#### Supplied entries

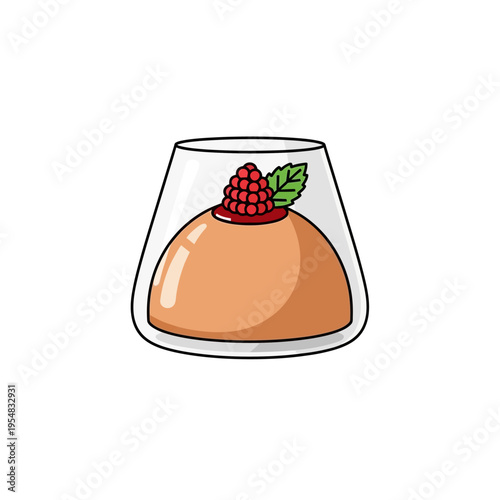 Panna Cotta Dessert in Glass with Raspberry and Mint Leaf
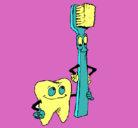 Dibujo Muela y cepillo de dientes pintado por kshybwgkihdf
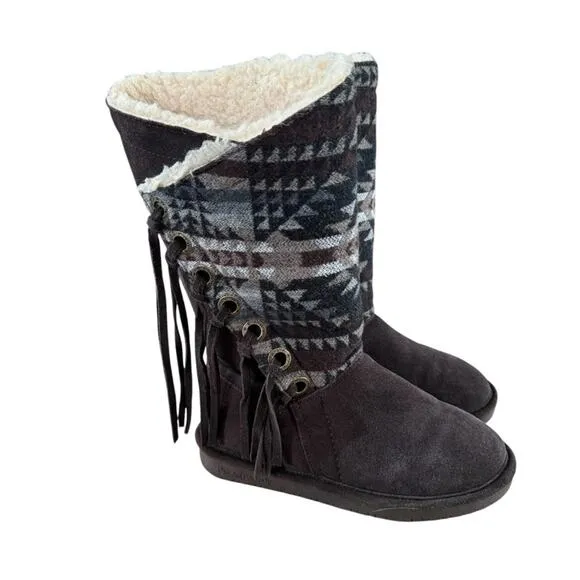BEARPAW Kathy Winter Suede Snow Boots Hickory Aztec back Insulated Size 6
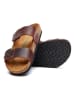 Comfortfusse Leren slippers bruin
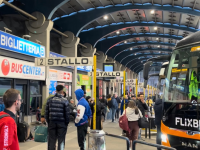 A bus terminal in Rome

########

Return the preceding entries verbatim, with the pictures excluded.

◆ **Answer to the exercise**
 Panna Cotta Dessert in Glass with Raspberry and Mint Leaf
 Dibujo Muela y cepillo de dientes pintado por kshybwgkihdf
BEARPAW Kathy Winter Suede Snow Boots Hickory Aztec back Insulated Size 6
 Comfortfusse Leren slippers bruin
 A bus terminal in Rome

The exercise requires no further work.